Tuesday, January 04, 2011

My take-aways from cognitive surplus and some questions


I was very impressed by Here come's everybody by Clay Shirky and happy to read his second book Cognitive Surplus during the Christmas holidays. I definitely enjoyed reading it, because Shirky is very good in understanding social change as a result of technological changes and explaining it with brilliant examples. On the other hand, I missed some answers that I had unconsciously hoped to find. Let me use my blog to summarize my take-aways and try and formulate what questions I have that are unanswered...

First some highlights from the book (some already hightlighted in his first book):
  • People enjoy making and sharing and social media makes that possible on a global scale- an enormous cognitive surplus we have collectively. Shirky gives an historical analysis of gin as lubrication for the industrializing society- chaotic and urbanized. It helped people in London to cope with life. Not laws, but a restructuring of society with mutual aid societies amongst others reduced gin consumption. The gin our time has been the television with people watching thousands of hours. This is our cognitive surplus imagine how many hours we watch collectively! Social media taps that surplus and uses that free time differently. We like making and sharing things, being creative. This can be lead to fun things (sharing a video of your cat) or serious things (like wikipedia- an online encyclopedia).
  • With the ease of publishing through social media average quality of writing drops, but experimentation and diversity increases and the best works becomes better than before. The other example is the introduction of movable type letters by Gutenberg in the fifteenth century. This lead to an abundance of book, which before then had to be carved out.
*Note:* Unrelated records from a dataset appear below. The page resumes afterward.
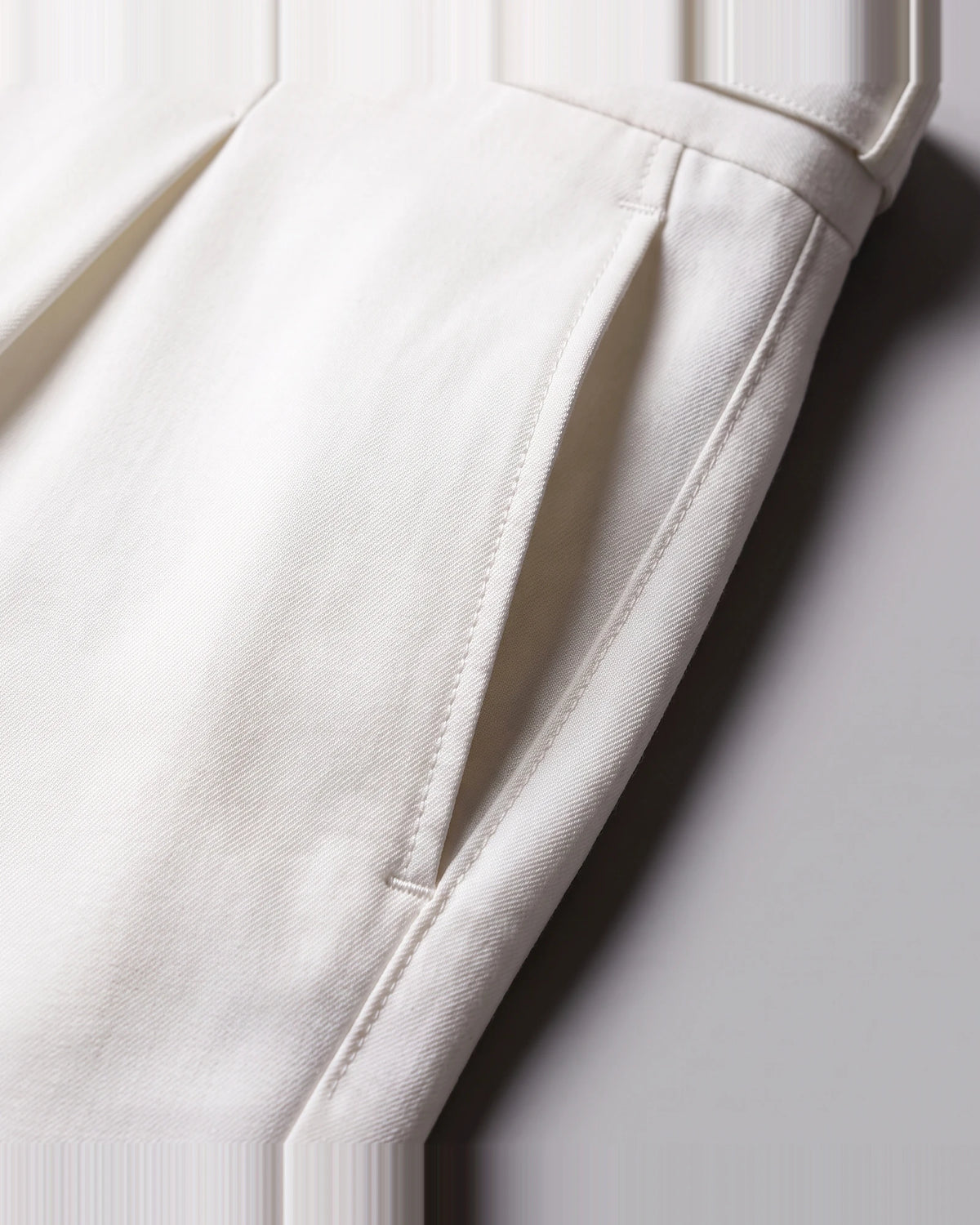 Men's Pleated Tailored Trousers Turn-Up Cuffs High Rise Tapered Leg - Valedrian — view 17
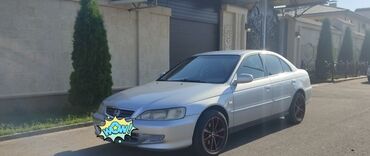 продаю машину в рассрочку: Honda Accord: 2001 г., 1.8 л, Механика, Бензин, Седан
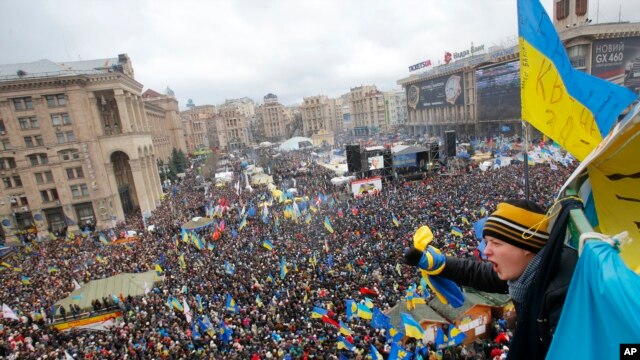 Người biểu tình tại Quảng trường Độc lập ở Kiev, Ukraine, ngày 8/12/2013.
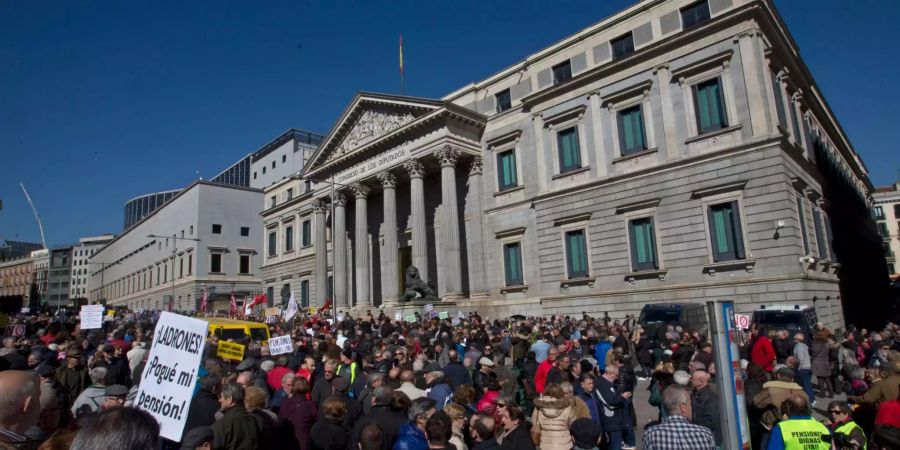 Spanische Rentner demonstrieren vor dem Parlamentsgebäude für angemessene Renten, die die Inflation berücksichtigen.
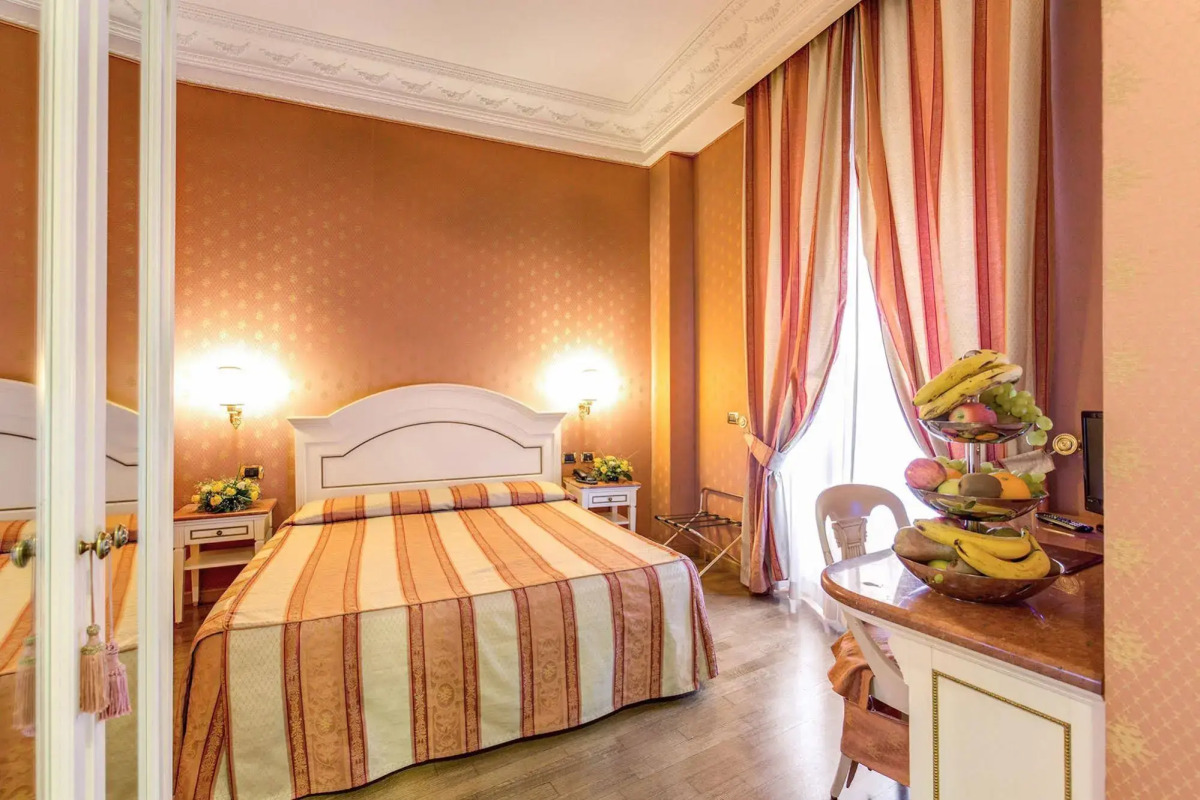 Hotel La Lumiere di Piazza di Spagna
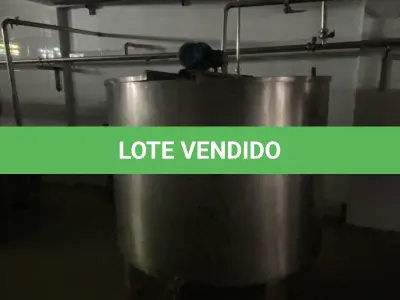 LOTE 022 - 02 Tanque de inox 2000 Litros
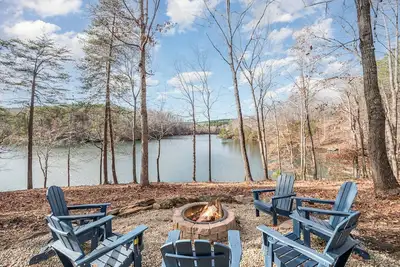 Image de Lake Point Escape - Dock and Hottub on Belews Lake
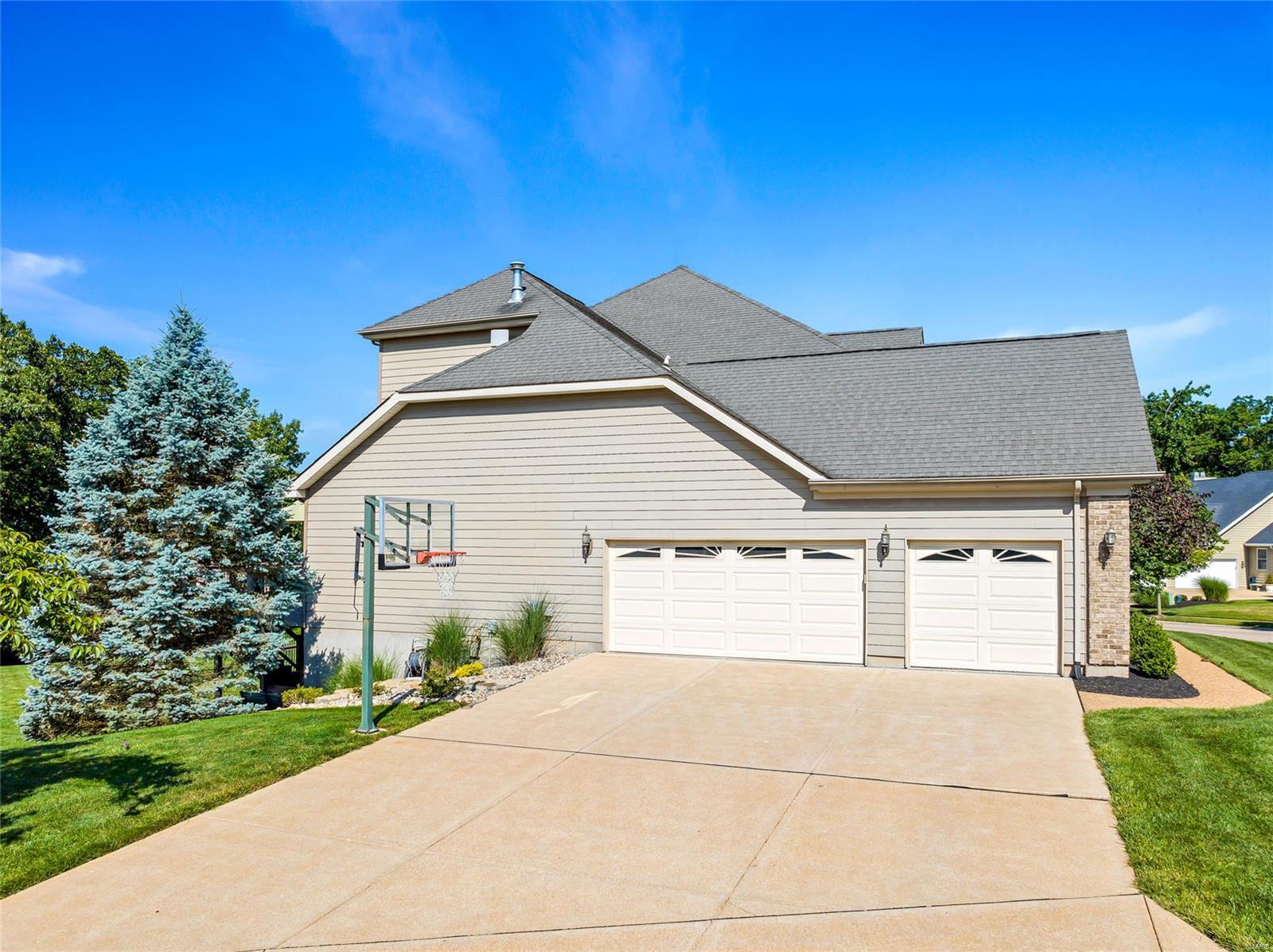 1 Wynncrest Falls Court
The first thing that happened was that more Bibles were printed. It took some time before also new books were published, and later novels, newspapers, scientific journals. Edgar Allan Poe commented that the multiplication of books is an evil because it lead to a pile of books with lots of useless ones. True that the freedom to publish lowered the average quality. But it increases experimentation and dissemination. A striking similarity with social media which make it easy for anyone to publish online. With lower average quality too! Yet it can be disorienting for people who've grown up with the previous situation of scarcity.
  • People's intrinsic motivations gravitate towards experiences that reward them in feeling autonomous, competent or connected and publishing, Collaborating through social media gives them that experience. Every successful example of social media harnesses this intrinsic motivation. People working together on causes, examples like the open source software or wikipedia has been a surprise to many asking: "why are people doing this?" because our theories were based on the idea that people work for personal and financial motives, not for free.
  • The things people do with social media have different types of value; personal, communal, public or civic value can be created. Personal value drives the hobbyists, communal value is created by a group of collaborators working on some common interest or goal. Communal value becomes public when it is open to non-members (eg. the apache software is quoted as an example). Finally, civic value is created by groups trying to transform society. Pink chaddis is mentioned, or the two examples of my previous blogpost about digital natives with a cause come to mind.
Now let me think about my questions that are not answered by this book:
  1. How does this link to our evolution as human mankind? Are people developing higher IQs and EQs? Becoming more imaginative, more creative? Are we better able to think globally and to connect because we can empathize and link to a wider range of lives and emotions? How will the brains of future generations be wired differently?
  2. How are these developments linked to global issues like poverty, crises, climate change? Will it improve our collective ability to deal with them or will the people with access to social media be at an advantage to appropriate resources? In other words, how will it affect issues of equity?
  3. How does social media connectivity affect science and multi-disciplinarity?
  4. What is our intrinsic motivation, how is it shaped? So what direction will the value created by the cognitive surplus take? What is the role of leadership in this?
  5. What does civic sharing through social media mean as a power to transformation of society? And to the speed of transformation?